Tuttavia il breve periodo pesa parecchio in questi mesi in cui si cerca una via di uscita dalla crisi. La Germania sembra averla trovata: austerità all’interno, vendite all’esterno. Se l’azionista di maggioranza dell’Unione economica e monetaria ha deciso di crescere come la Cina, siamo tutti in grado di starle dietro? Ecco alcune libere riflessioni: 1) L’effetto positivo di un euro indebolito è ridotto dal fatto che metà dell’export dei Paesi dell’area euro – in particolare il 58% per la Germania e il 57% per l’Italia – è rivolto ai restanti quindici Paesi dell’area stessa. 2) Stati Uniti e Far East sembrano aver ripreso a crescere a tassi più elevati dei nostri e questo è un buon segnale per il nostro export, ma i primi hanno cominciato ad essere più formiche (un riconoscimento per questo mensile, un disconoscimento per l’essere cicale indebitate), i secondi a richiedere un welfare più evoluto e quindi più oneroso. 3) A fronte di un export appetibile, l’import potrebbe essere caro, molto caro quando l’elasticità della domanda è bassa, come nel caso delle materie prime e delle risorse energetiche. Il rischio di importare inflazione può essere oggi controllato da un’inflazione interna bassa; bassa fino a quando il denaro pubblico immesso nel sistema negli ultimi mesi, per il principio dei vasi comunicanti, inizierà a mostrarsi nei valori nominali.
 
Una riflessione aggiuntiva per il nostro Paese. Il prezzo di quello che vendiamo all’estero ha una componente legata al tasso di cambio e un’altra legata al costo di produzione.
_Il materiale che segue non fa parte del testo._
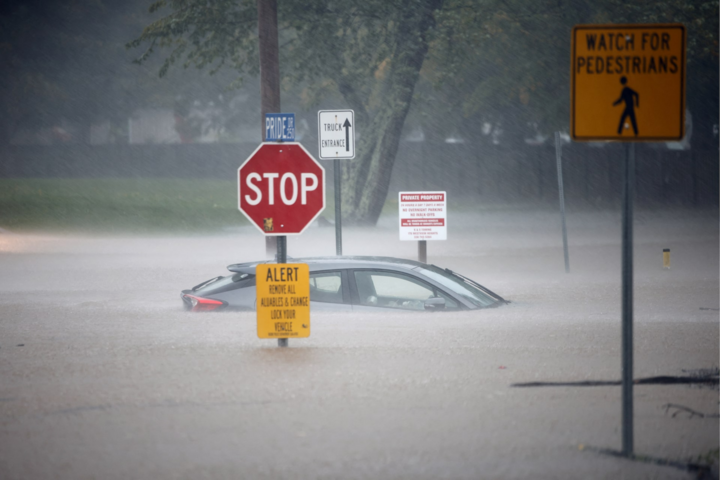 Một chiếc xe ô tô ngập trong nước ở Boone, Bắc Carolina. Ảnh: Reuters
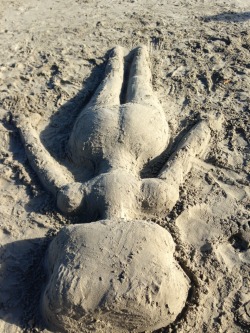 banana-brained:  So today at the beach i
Se, come accennato in precedenza, ben il 57% del nostro export è diretto agli altri quindici Paesi dell’area euro, il tasso di cambio incide soltanto sul rimanente 43% di quello che esportiamo, cioè quello al di fuori dell’area euro. Il costo di produzione ha invece un impatto su tutto l’export e diventa uno dei principali vantaggi competitivi se consideriamo rivali, nei mercati internazionali, gli altri quindici Paesi dell’area euro.
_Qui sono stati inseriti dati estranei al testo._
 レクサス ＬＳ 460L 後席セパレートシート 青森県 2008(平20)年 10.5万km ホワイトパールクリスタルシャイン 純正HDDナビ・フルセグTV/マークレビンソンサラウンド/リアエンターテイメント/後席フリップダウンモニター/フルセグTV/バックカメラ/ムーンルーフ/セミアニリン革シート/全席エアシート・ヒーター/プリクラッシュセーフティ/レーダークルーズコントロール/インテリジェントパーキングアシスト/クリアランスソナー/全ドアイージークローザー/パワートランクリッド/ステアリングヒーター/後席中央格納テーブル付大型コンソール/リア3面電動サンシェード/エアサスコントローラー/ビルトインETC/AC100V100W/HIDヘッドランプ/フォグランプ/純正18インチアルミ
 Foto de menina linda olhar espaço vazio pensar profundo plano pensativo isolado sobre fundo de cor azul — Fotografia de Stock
Sappiamo che a guadagnare di più da una svalutazione sono i settori a più elevata intensità di lavoro. Con un euro più debole sono più costose le materie prime (solitamente importate) e il capitale (prezzato su un mercato internazionale). Il lavoro è invece un fattore produttivo tutto nazionale che viene pagato con un euro, che adesso vale di meno. Una vera e propria manna per il made in Italy che vede nella manodopera il driver per la competitività.
Ma se consideriamo il costo del lavoro con riferimento alla sua produttività, ecco scoprire un’amara sorpresa. La risposta la troviamo nel calcolo del costo reale di unità di lavoro, ovvero il costo nominale del lavoro diviso il Pil nominale sul totale degli occupati. A parità di produttività, il costo del lavoro in Italia è cresciuto negli ultimi dieci anni più della media dei 16 Paesi dell’area euro e molto di più della Germania. Ovviamente il dato macroeconomico, in quanto aggregato, è un cappello che nasconde le tante eccellenze italiane che altre statistiche hanno messo in risalto. Tuttavia nell’ultimo anno (aprile 2010 su aprile 2009), la Germania ha aumentato l’export extra Ue del 22% e noi del 13%. Un bel segnale nel post crisi, ma un motivo per riflettere sui vantaggi competitivi del nostro sistema-Paese.